This example mirrors the important shape of a typical DFlash launch script while using placeholder paths:

llama-server \
  -m "path/to/target.gguf" \
  --mmproj "path/to/mmproj.gguf" \
  --no-mmproj-offload \
  --spec-draft-model "path/to/drafter.gguf" \
  --spec-type dflash \
  --spec-dflash-cross-ctx 1024 \
  --port 8082 \
  -np 1 \
  --kv-unified \
  -ngl all \
  --spec-draft-ngl all \
  -b 2048 -ub 512 \
  --ctx-size 102400 \
  --cache-type-k q5_0 --cache-type-v q4_0 \
  --flash-attn on \
  --cache-ram 0 \
  --jinja \
  --no-mmap --mlock \
  --no-host --metrics \
  --log-timestamps --log-prefix --log-colors off \
  --reasoning on \
  --chat-template-kwargs '{"preserve_thinking":true}' \
  --temp 0.6 --top-k 20 --min-p 0.0

What this shape means:

Block	Purpose
`-m`, `--mmproj`, `--no-mmproj-offload`	Load the target model and projector, while keeping the projector off GPU.
`--spec-type dflash`, `--spec-draft-model`, `--spec-draft-n-max`, `--spec-dflash-cross-ctx`	Enable flat DFlash drafting and choose draft depth/window.
`-np 1`, `--kv-unified`, `--ctx-size`	Run one server slot with explicit unified KV and a large target context.
`-ngl all`, `--spec-draft-ngl all`	Fully offload target and draft models when devices can hold them.
`-b`, `-ub`	Set target prompt prefill batching. Bee keeps upstream defaults unless you override them.
`--cache-type-k`, `--cache-type-v`	Use asymmetric KV precision.
`--cache-ram 0`	Disable the server prompt-cache RAM subsystem. Live-slot prefix reuse still works.
`--no-mmap`, `--mlock`, `--no-host`	Prefer locked model memory and direct backend buffer behavior over filesystem cache behavior.
`--metrics`, `--log-*`	Expose metrics and make logs easier to capture.
`--reasoning on`, `--chat-template-kwargs`, `--temp`, `--top-k`, `--min-p`	Control thinking/template behavior and target sampling.

Model Loading

Arg	Code default	When to use
`-m`, `--model FNAME`	Required for normal local runs	Target model GGUF path.
`-mu`, `--model-url URL`	Unset	Download/load a target model from URL.
`-hf`, `-hfr`, `--hf-repo <user>/<model>[:quant]`	Unset	Resolve target model from Hugging Face.
`-hff`, `--hf-file FILE`	Unset	Override the file chosen from `--hf-repo`.
`--models-dir PATH`	Unset	Server router/model directory mode.
`--models-preset PATH`	Unset	Server model preset file.
`--models-max N`	`4`	Maximum loaded models in router mode.
`--models-autoload`, `--no-models-autoload`	Enabled	Whether router models autoload.

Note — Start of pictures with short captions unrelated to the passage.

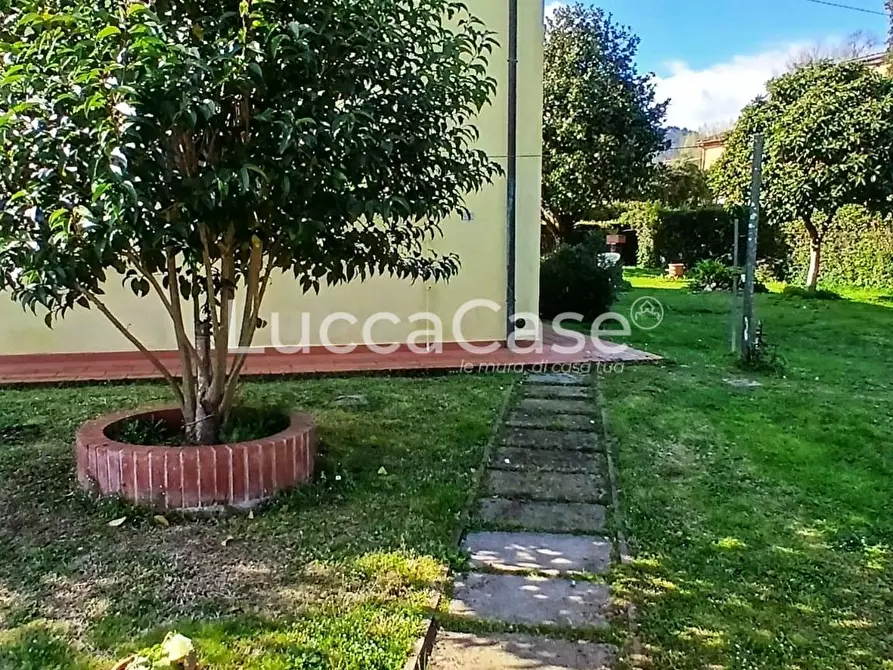 Immagine 8 di Casa indipendente in vendita  a Lucca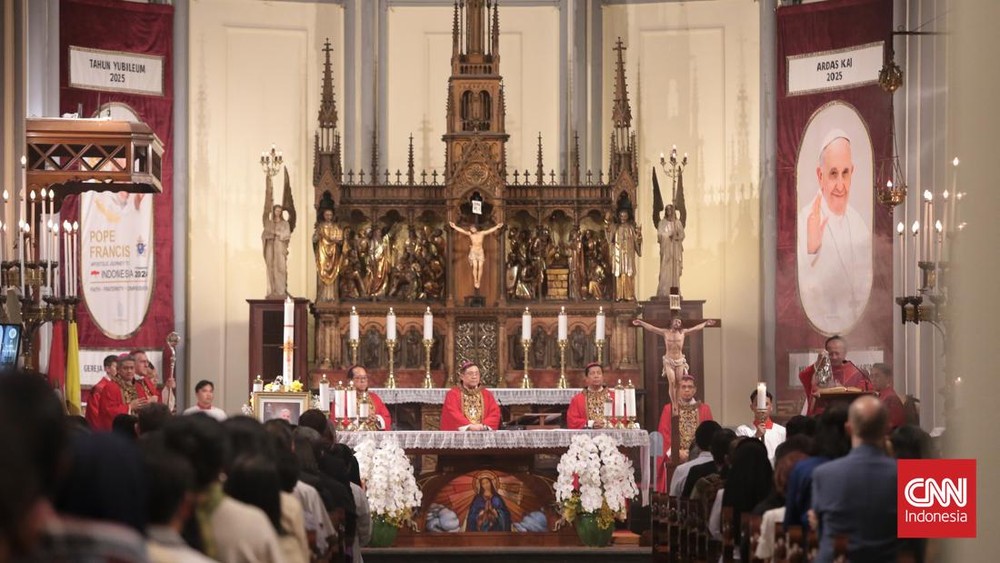 Duka Mendalam: 9 Hari Doa untuk Paus Fransiskus! 1 Duka Mendalam: 9 Hari Doa untuk Paus Fransiskus!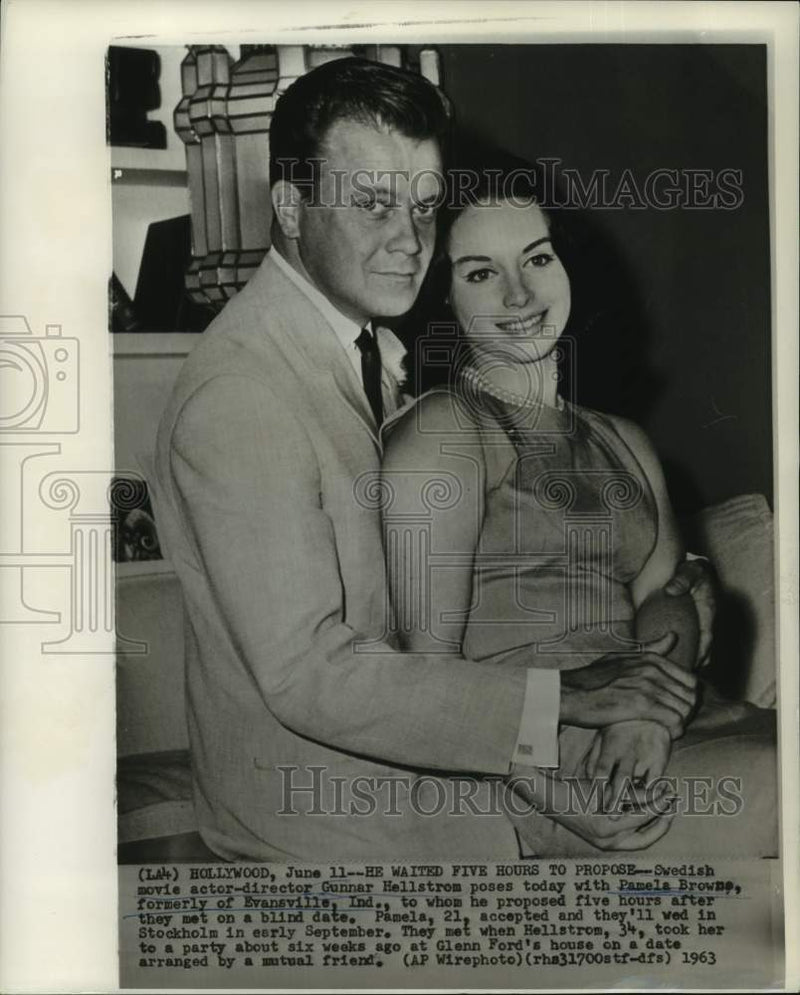 Load image into Gallery viewer, 1963 Press Photo Gunnar Hellstrom announced his engagement to Pamela Browne.
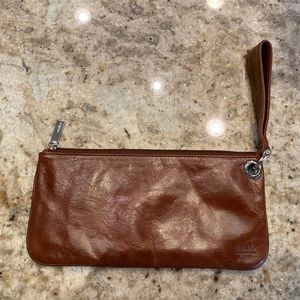 HOBO brown leather wristlet/clutch in gently used condition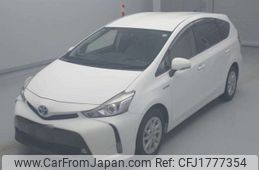 toyota prius-α 2015 CFJ1777354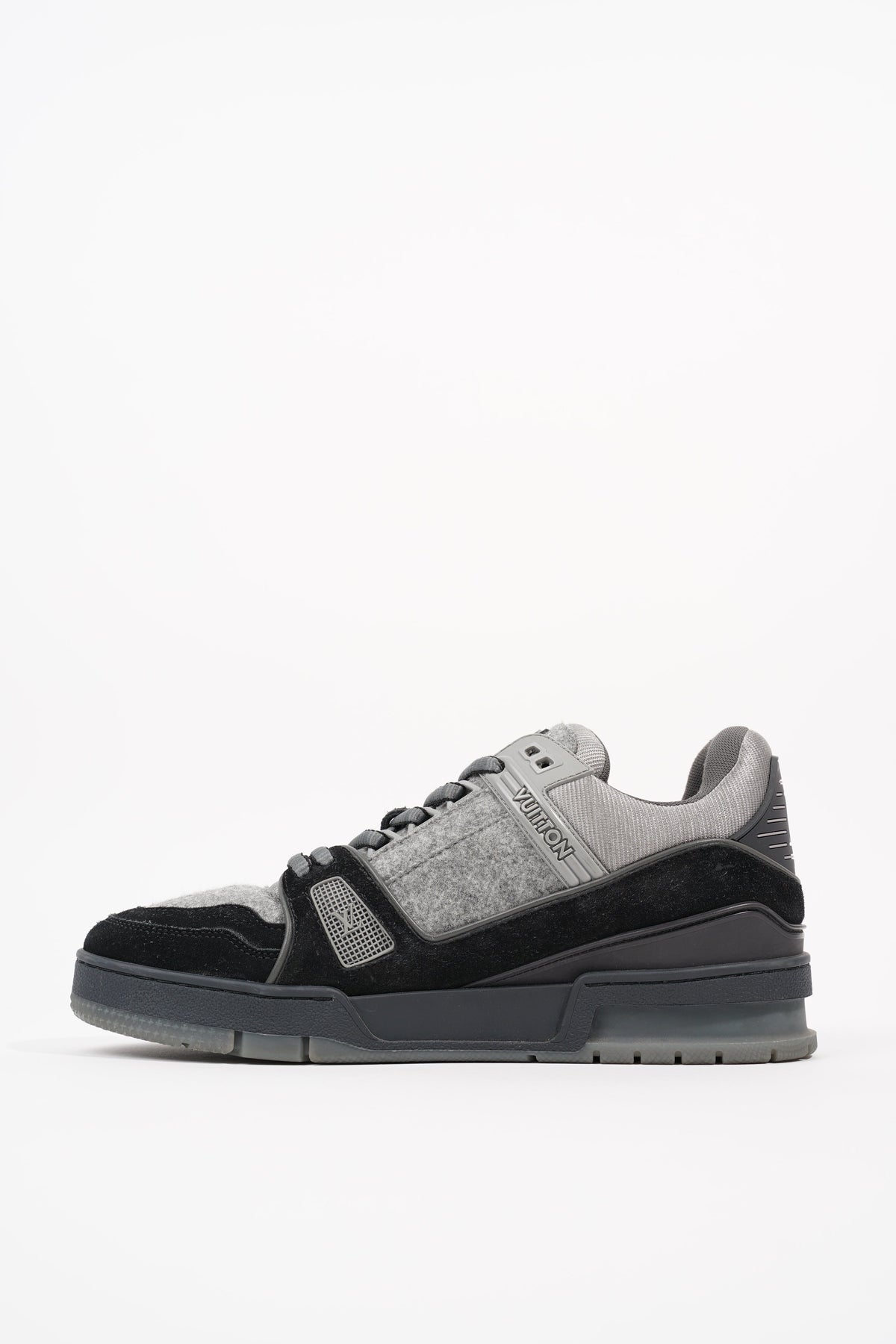 Pre-owned Louis Vuitton Lv Trainer Sneaker Low Black Grey In Black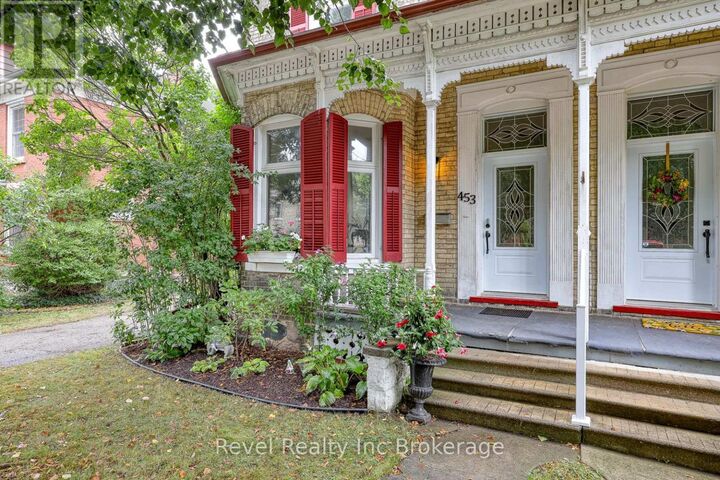 Property Photo:  453 Drew Street  ON N4S 4V4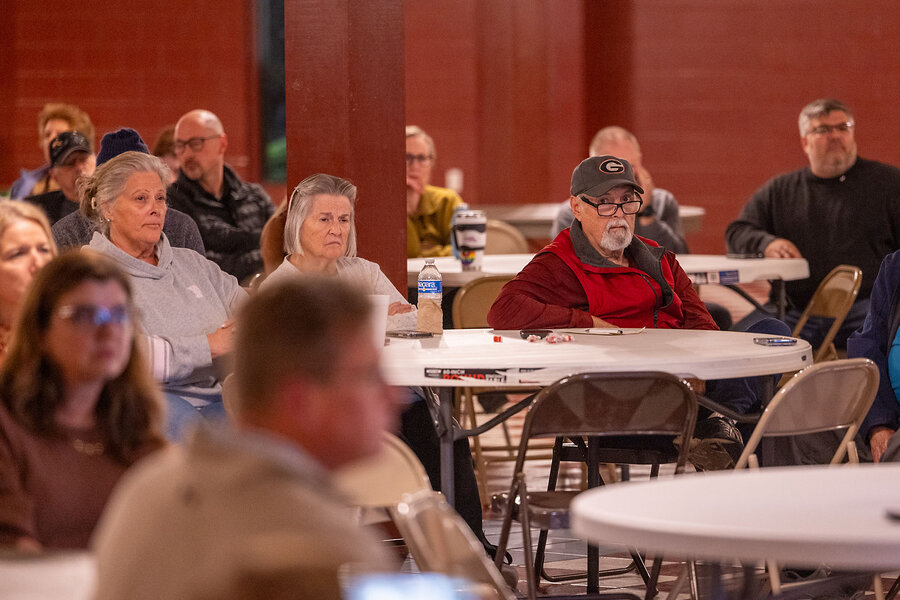 0420 NSOCIALCIRCLE citizens LEDE.jpg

Draft model loading uses parallel draft-specific names:

Arg	Code default	When to use
`--spec-draft-model`, `-md`, `--model-draft FNAME`	Unset	Draft model GGUF path. Required for DFlash unless loaded through draft HF args.
`--spec-draft-hf`, `-hfd`, `-hfrd`, `--hf-repo-draft <user>/<model>[:quant]`	Unset	Resolve draft model from Hugging Face.

Bee auto-detects DFlash when a loaded draft model reports a DFlash block size and --spec-type was not already dflash.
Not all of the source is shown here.